Specific to this topic, with power I was thinking even if one eliminates all the controllable factors bum luck is still around the corner. Your right it is not a matter of time or inevitable a knowledgeable professional approach that manages risk properly should allow one to safely work around something as dangerous as high voltage lines. Basically exactly what I did not do and it nearly cost me everything.


----------



## clearance (Oct 24, 2007)

Mitchell said:


> motorcycles mix in a lot more variables [other people's decisions] then working around lines. I do think the old timer was right however, I believe if you put in enough miles you will "crash". Is there a rider out there without a good war story? Or some one it that community who is not missing a few acquaintances?
> Specific to this topic, with power I was thinking even if one eliminates all the controllable factors bum luck is still around the corner. Your right it is not a matter of time or inevitable a knowledgeable professional approach that manages risk properly should allow one to safely work around something as dangerous as high voltage lines. Basically exactly what I did not do and it nearly cost me everything.

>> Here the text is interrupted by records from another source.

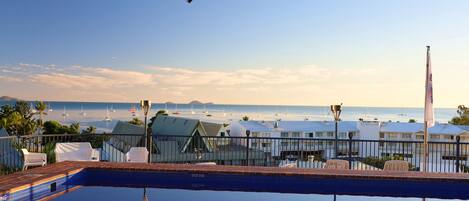 A poolside view with a clear view of the ocean and boats in the distance.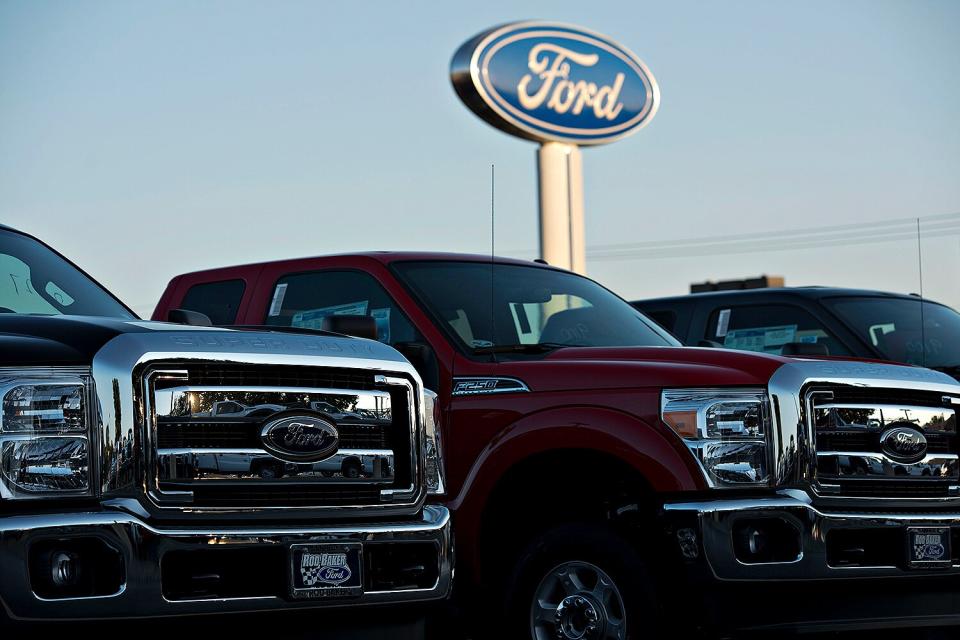 A Ford Motor Co. logo stands behind a row of F-250 pickup trucks at the Rob Baker Ford dealership in Plainfield, Illinois, U.S., on Wednesday, July 23, 2014.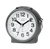 Réveil analogique JVD avec cadran blanc et aiguilles noires, boîtier gris.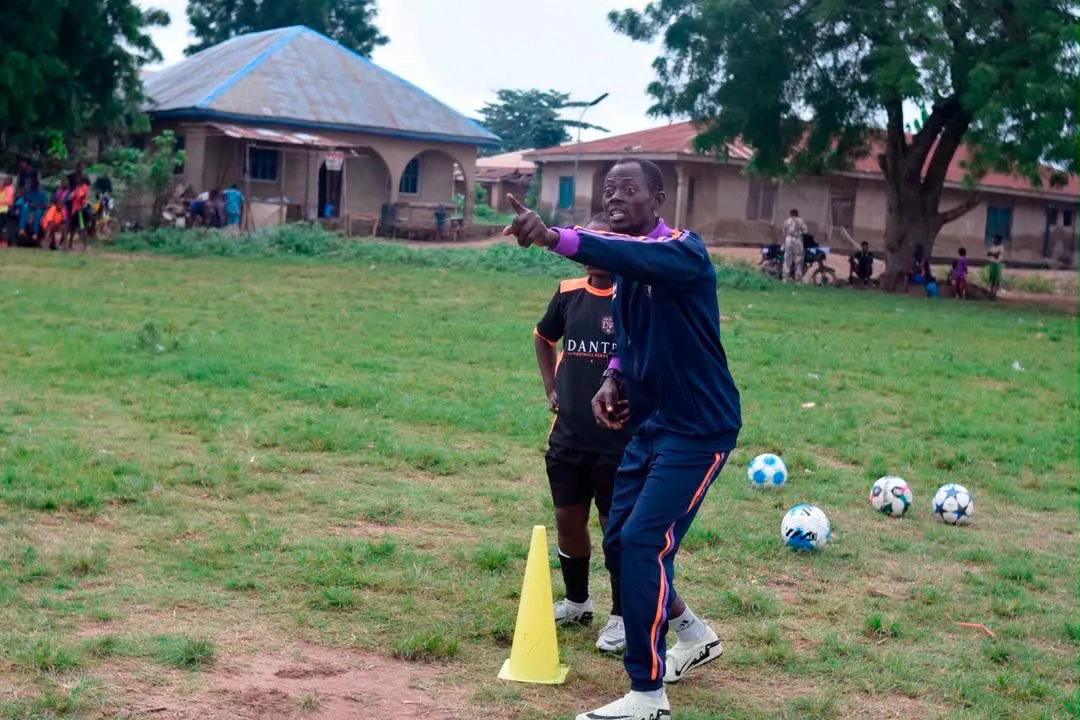 A Dante coach directing an academy training session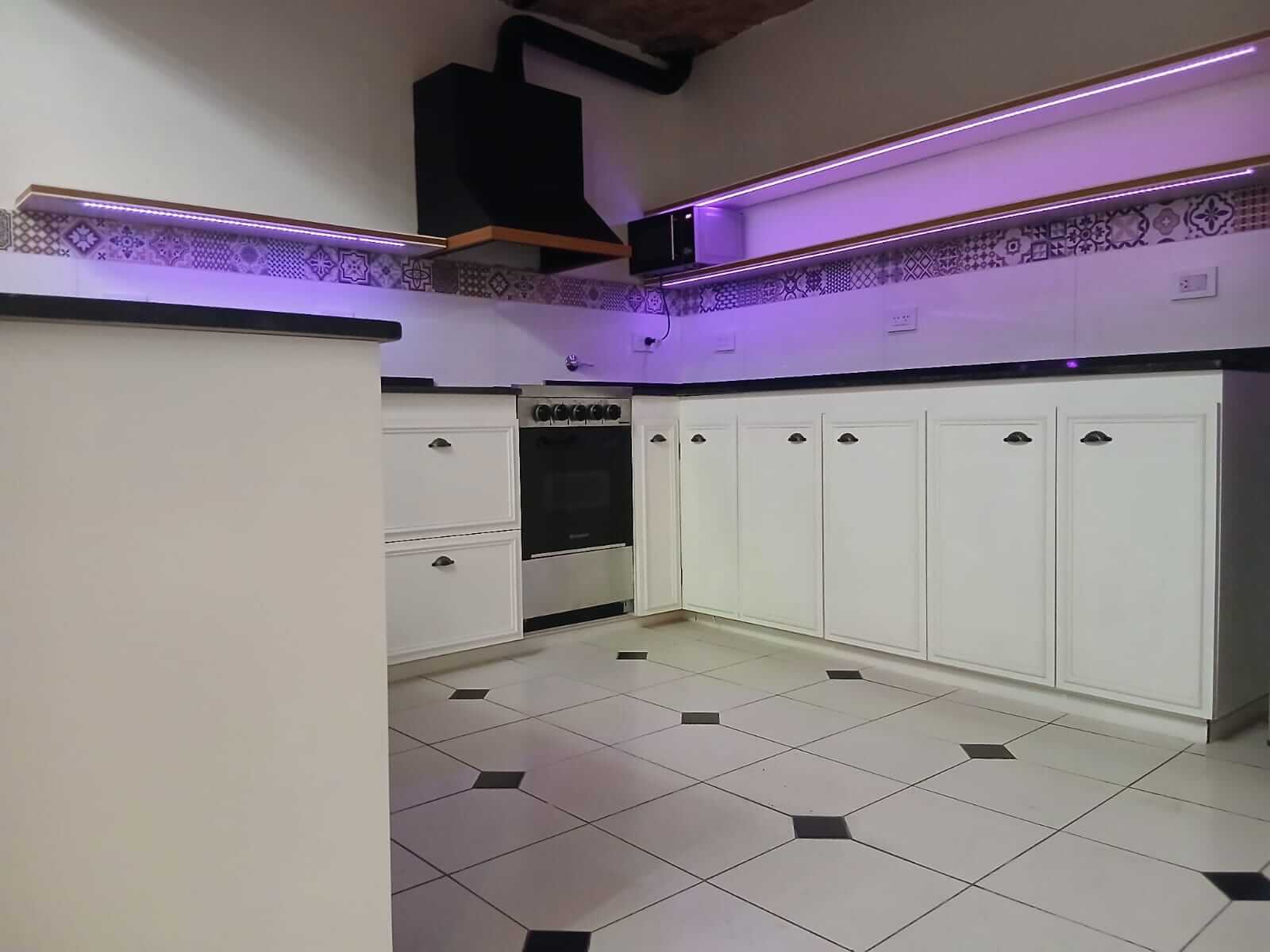 Mueble de cocina blanco amplia con iluminacion.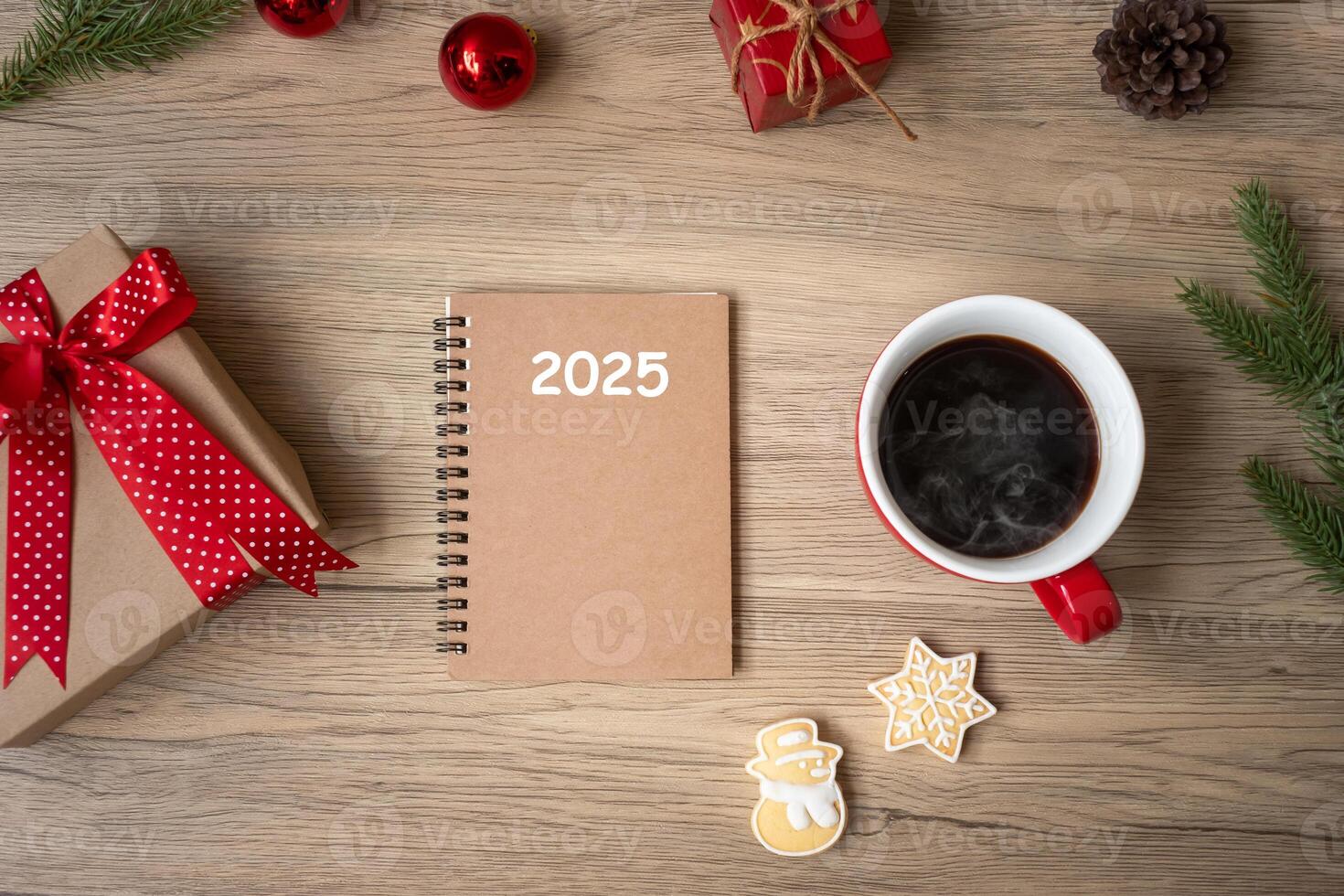 2025 notebook, black coffee cup, Christmas cookies and pen on wood table, Top view and copy space. Xmas, Happy New Year, Goals, Resolution, To do list, Strategy and Plan concept photo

Like I said, glad you are ok. I suggest you look up section 19 (Electrical safety) on the Worksafe B.C. website (WCB). Fact is, on voltages ranging from over 751 volts to 60 000 volts the unqualified limit of approach (C), (you) is 10 ft. As a C.U.A. my limit on 12 KV is (A)-tested tool-1ft. (B) personal, including inadvertant movement-3ft. For 25 KV (A) is 11/2 ft., (B) is 4 ft. For 60 KV (A) is 3 ft and (B) is 5 ft. 
There are many old easements in backyards around B.C., we have to climb them, as long as proper work procedures are followed its just a routine part of the job.


----------



## Farmer Ferd (Oct 24, 2007)

I was working in a backyard trimming a tree. The tip of the mulberry was close to what looked like a 440 line about 15 foot away and only about 25 foot off the ground. I held the base of the small branch in my hand and started cutting with my silky. I got a nice little zap not on my silky but on my hand holding the branch. I did a double take. there was nothing touching the branch which was only one inch in diameter where I was and only leaves near the power line. I touched the branch again without cutting, nothing, I started cutting again but very lightly and i could feel the current there. scary needless to say that was it for me.


----------



## Mitchell (Oct 24, 2007)

*10'*

I will review the approach distances again. I am [and was] aware of the 10' to single insulator bare lines however, in this case I did not know I was near one. I have traditionally been respectful of the approach distances and I will be doubly so now.


----------



## ciscoguy01 (Oct 26, 2007)

*IN-Law*



beowulf343 said:


> I'm actually surprised at your surprise. Lines running through backyards is actually quite common in parts of NY. Was working for Asplundh when they picked up the contract for RG&E. They had to put on as many split-dumps as buckets because so many of their lines ran through backyards. They had whole circuits that were 90% backyard. Groundies definitely earned their pay on those crews.
> 
> Glad you are ok-it can definitely be a shocking experience!



My step dad in-law works for Asplundh here in the 'daks. Those boys are CRAZY busy for sure...


----------



## Timbersports (Nov 20, 2007)

High lines require high voltage to push the current for long distances. If you are well grounded, no matter what part of the body the line touches, it will most likely be blown off. Your clothes will be on fire. You most likely will not survive. Your body is like a resistor. Voltage devided by resistance (ohms)equals current (amps). The resistance between your arm and leg is about 500 ohms give or take due to humidity and skin type...etc, other places are much less resistive. 12000 volts devided by 500 equals 24 amps. It takes less than one amp to kill you. 200ma will almost do it. Be very thankfull you were not well grounded. The big lines dont play. So glad you are ok.


----------



## tree md (Nov 20, 2007)

I have "brushed" HV (or high tension) before myself.

Won't go into it unless you ask me to but let me say, I learned a lesson! 

Had it go through my entire body and escaped unscathed (that i can tell  )!!!

Only happened 1 time tho and I learned from it... Thank you Jesus! 

I've had friends that weren't so lucky!


----------



## Mitchell (Nov 20, 2007)

*look up and live*

Divinity aside, it was luck pure and simple. [althought not sure what I might have done to warrent intervention if the big guy had a say that day]. The event did not really register with me at the time...


----------